Sublime Forum

RFC: Default Package Control Channel and Package Telemetry

#21

Sorry, I was confused, but your complete solution is still OK with me.

0 Likes

#22

I think the kind of data Package Control collects is kind of to be expected for such a feature. As long as communication about it is clear it’s fine, so to me part 2 of the proposal is fine.

What’s happening with SidebarEnhancements (and Minimap for Atom), is that the telemetry has no relation at all with the functionality of the package. It’s just a way to sneak in on as many developers as possible.

I feel there should be a clear value-add for the user of the package, and it should be there in the very first version that’s submitted to the default channel. If the telemetry is essential, it doesn’t make sense to add it on later. If it’s not essential and the package maintainer is simply curious, that’s too weak a use case to allow the telemetry. There should be zero tolerance for packages that add, after submission, anything that takes any kind of information from the end user and uploads it elsewhere. Sublime has a large user base so of course it’s enticing, but Package Control should not be treated as a commercial opportunity. It originated from the community and it exists so that the community can share, not as an entry point for Kite et al. to mine data.

Therefore, I would add the following to point 1 of the proposal:
If a new package is submitted that uses telemetry, it should be opt-in and clearly, very explicitly explained to end users. The pull request that adds the package to the default channel should clearly mention the telemetry, how it relates to the core functionality of the package, and the efforts undertaken to explain this to end users. If there is no strong relation between the telemetry and the features of the package, it will not be allowed.
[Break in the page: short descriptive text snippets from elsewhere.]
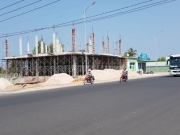 Một phụ nữ ngang nhi&ecirc;n b&aacute;n đất, x&acirc;y dựng nh&agrave; kh&ocirc;ng ph&eacute;p tr&ecirc;n đất dự &aacute;n tại Ph&uacute; Quốc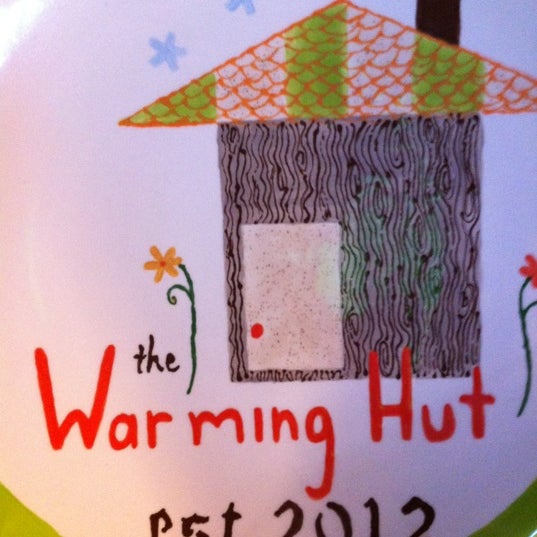 Снимок сделан в The Warming Hut пользователем Rik N. 8/16/2012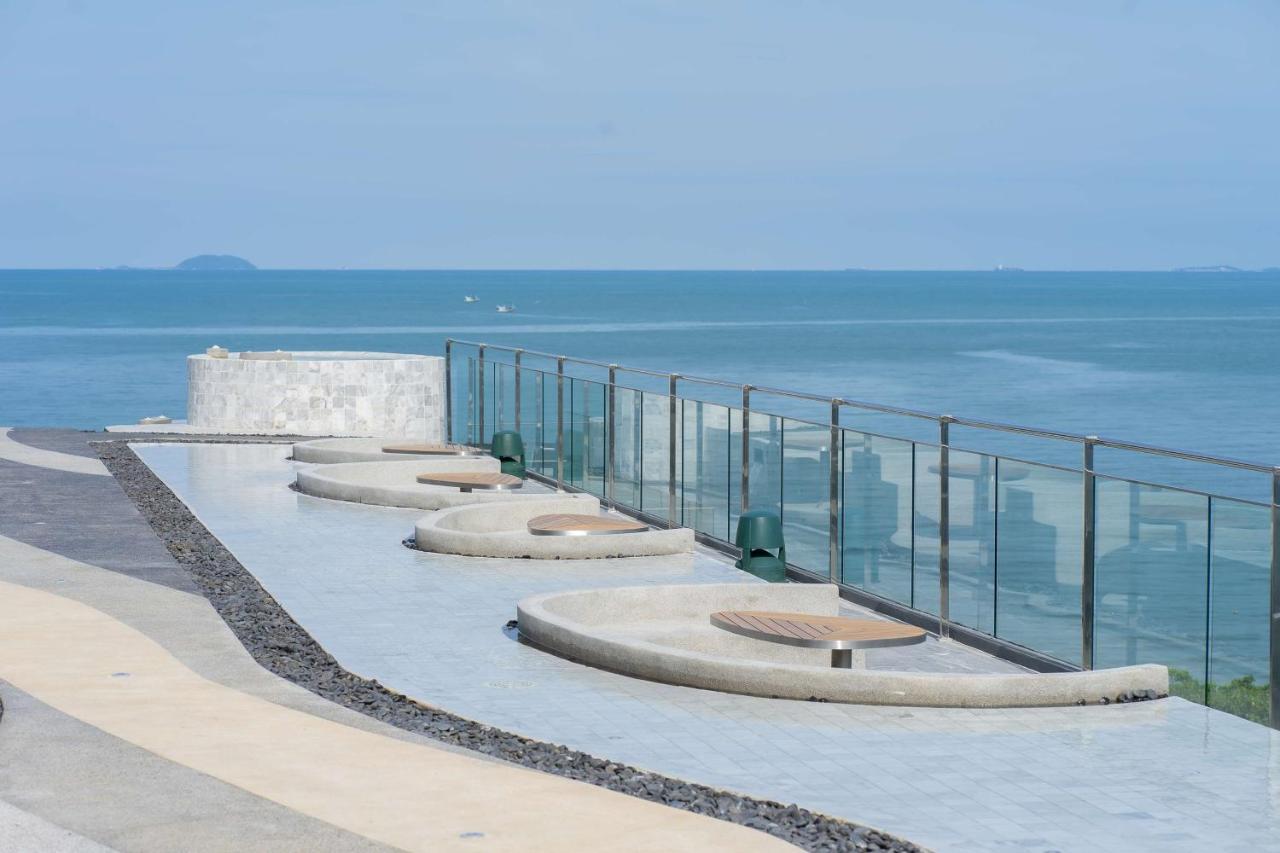 Best Western Premier Bayphere Pattaya - SHA Extra Plus Na Chom Thian Exterior foto The viewing platform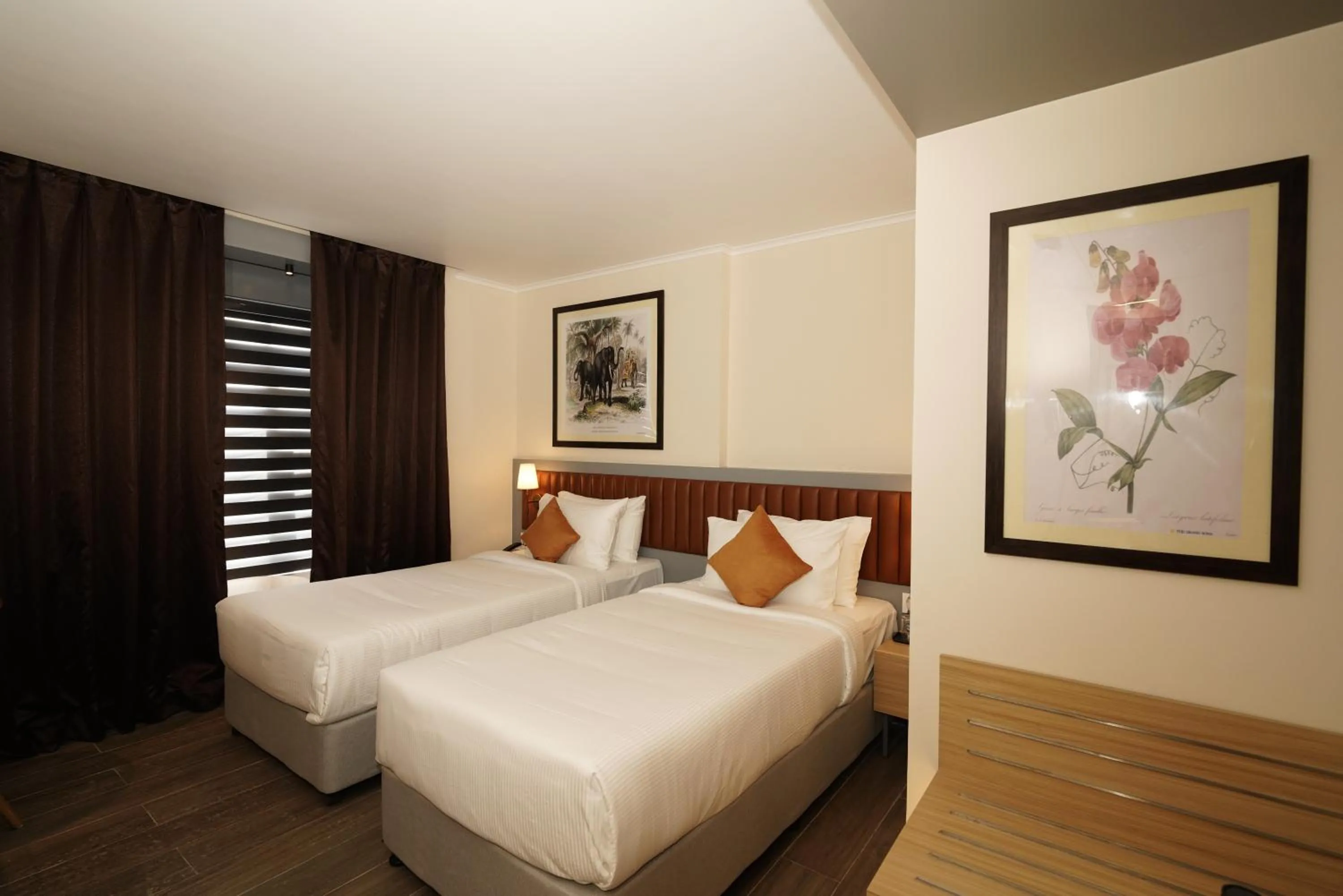 Bed in The Grand Sona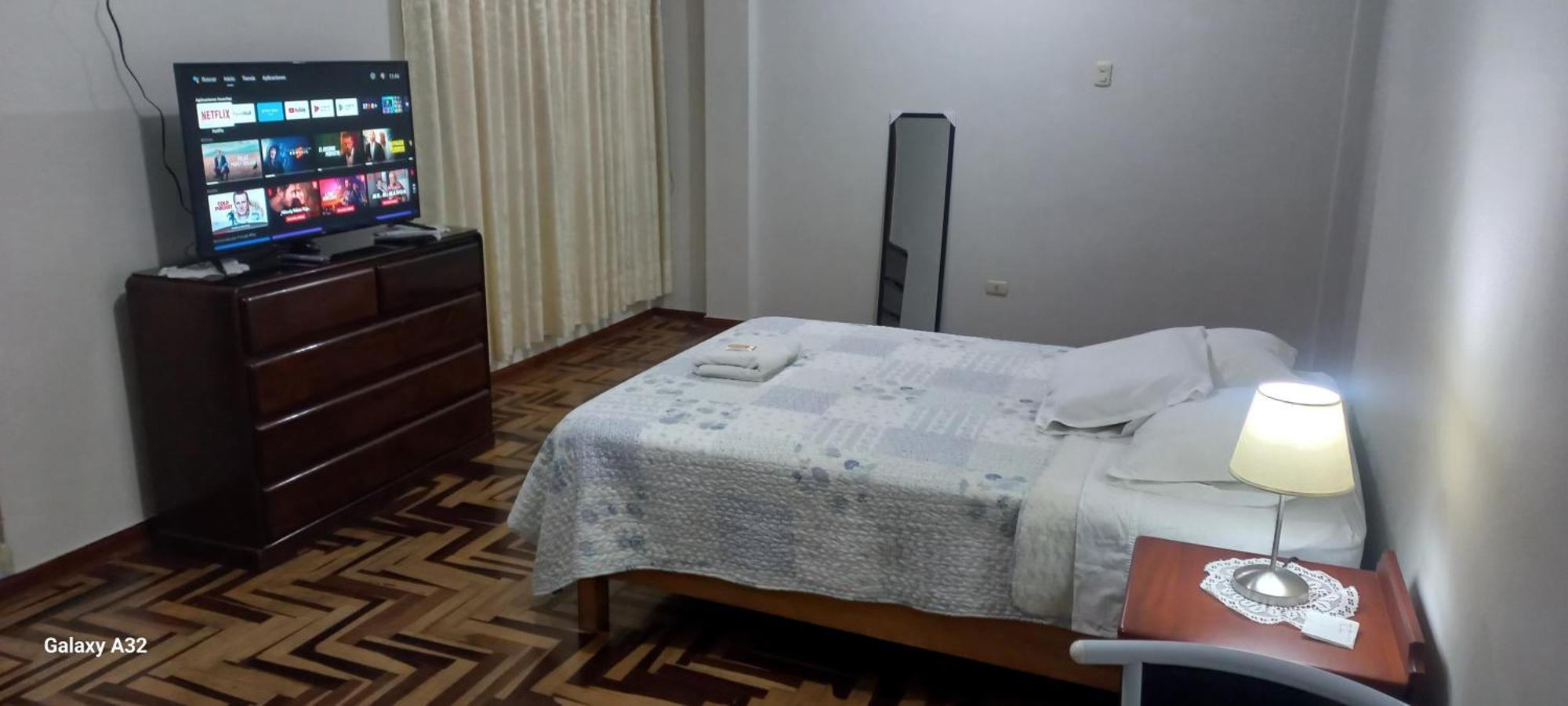 Lopez House Apartment Лима Екстериор снимка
Any package that is found to add telemetry after being added to the default channel will be pulled immediately and only restored after the telemetry code is removed.
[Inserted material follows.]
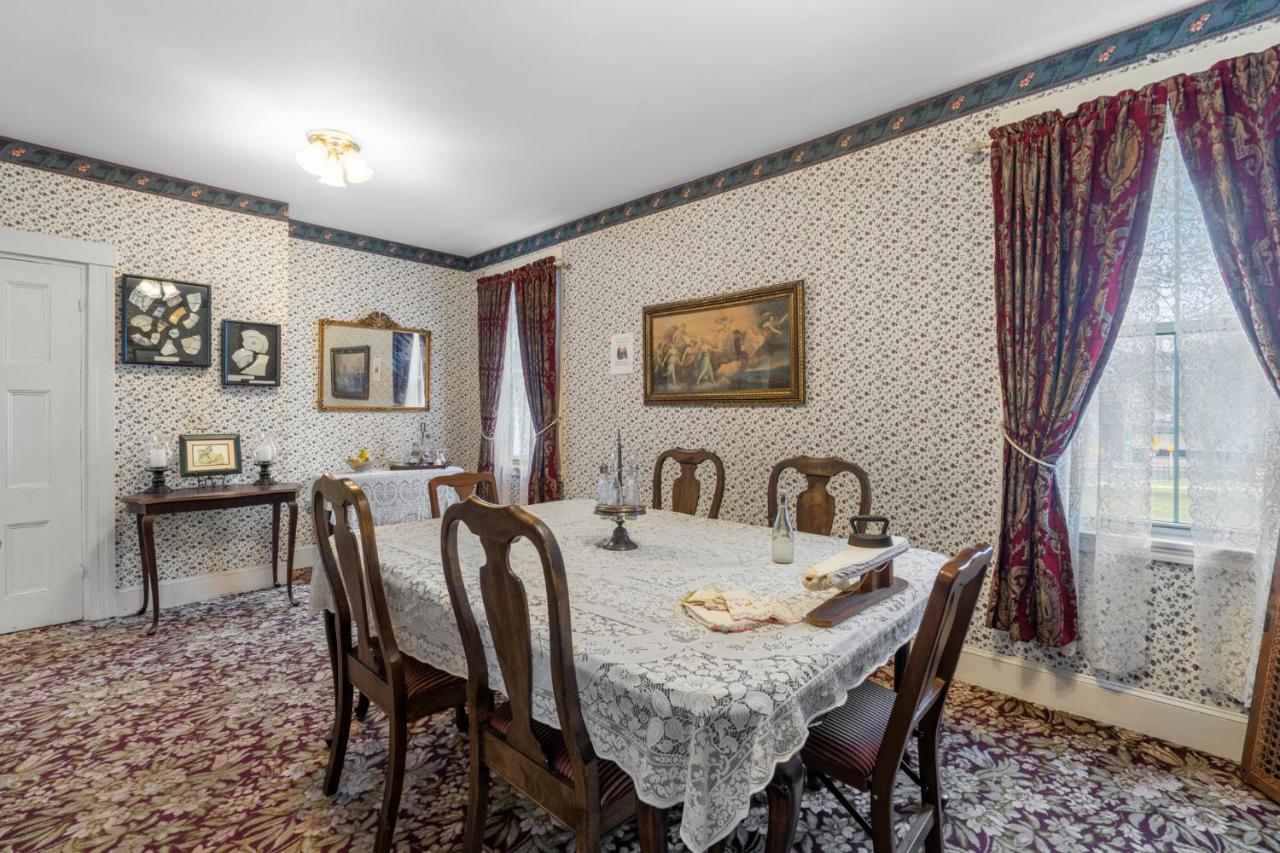 폴리버 Lizzie Borden House B&B 외부 사진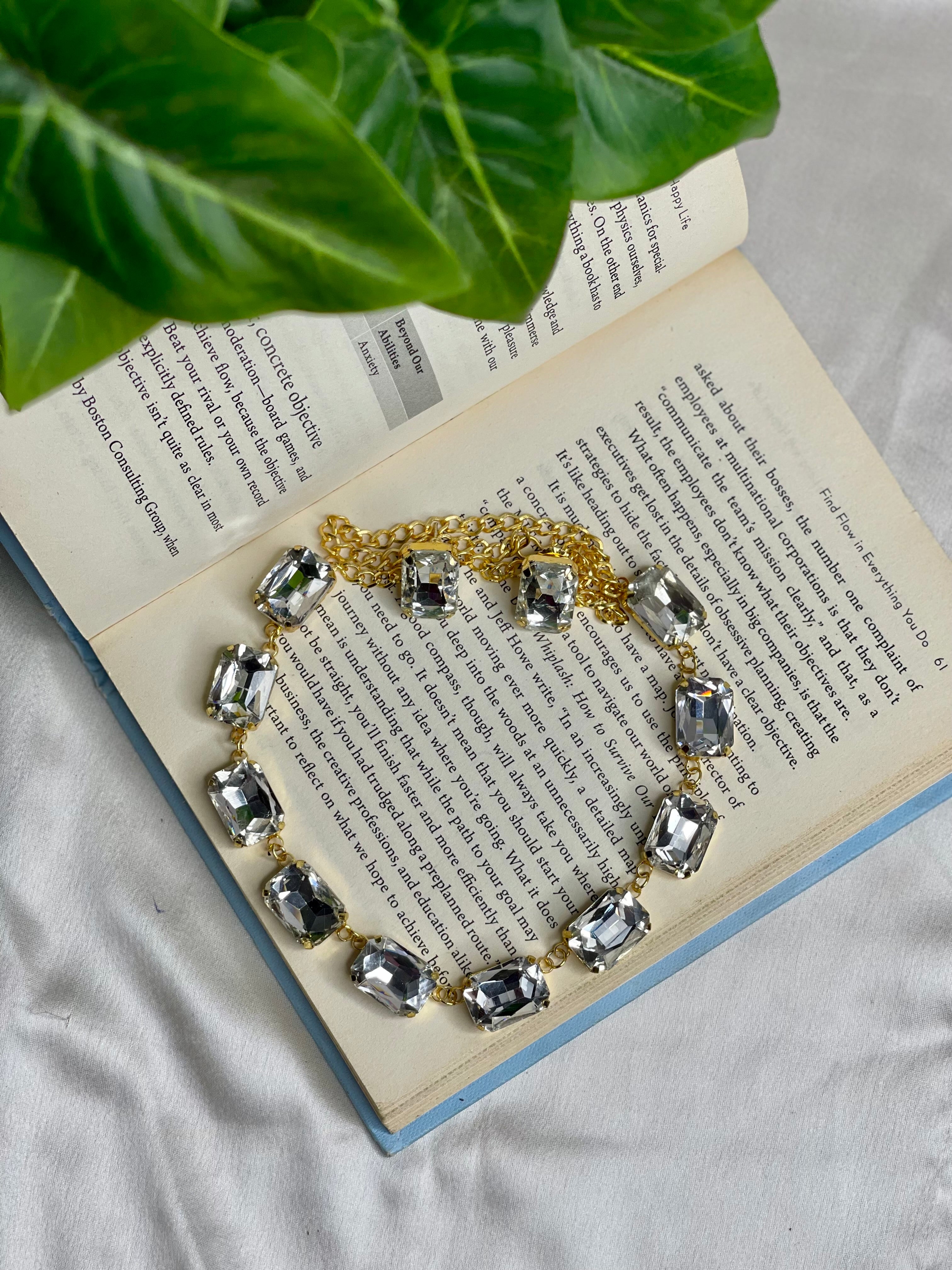 White Radiant Crystal Neckpiece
This still allows anyone to create a new version of an existing package with telemetry, but challenges them to create a new entry in Package Control and convince the user base to migrate based on the value-add of the telemetry. If SidebarEnhancements-with-Kite is much better than the old one there should be no problem with this approach.

I would consider adding similar rules about advertising: it’s only a matter of time Kite hijacks something else (the linter seems like a tasty target, I bet they’ve already been approached) to add links to their services like it did with Minimap for Atom. Any advertising that’s not a donation button or a link to a repository should follow the same rules: add value, improve the core functionality, add it on day one, don’t be sneaky.

Edit: When in doubt about the value-add, default to “no”. Something like Package Control cannot flourish if people don’t feel safe about it, but I doubt we’d miss out much if a package or two is rejected. Plus, you can always create a new channel.

5 Likes

#23

I would prefer a hard line against any data collection personally. While it could be useful for a developer to know how the tool is used, there are channels that can be used if the user so chooses to utilize them. If the user does not utilize them, I think we can easily say the user did not wish to utilize them.

2 Likes

#24

Hi everyone, member of Kite here. The SideBarEnhancements telemetry was originally added to gather data around what programming languages we should support next. We will ask Tito, the maintainer, to remove it.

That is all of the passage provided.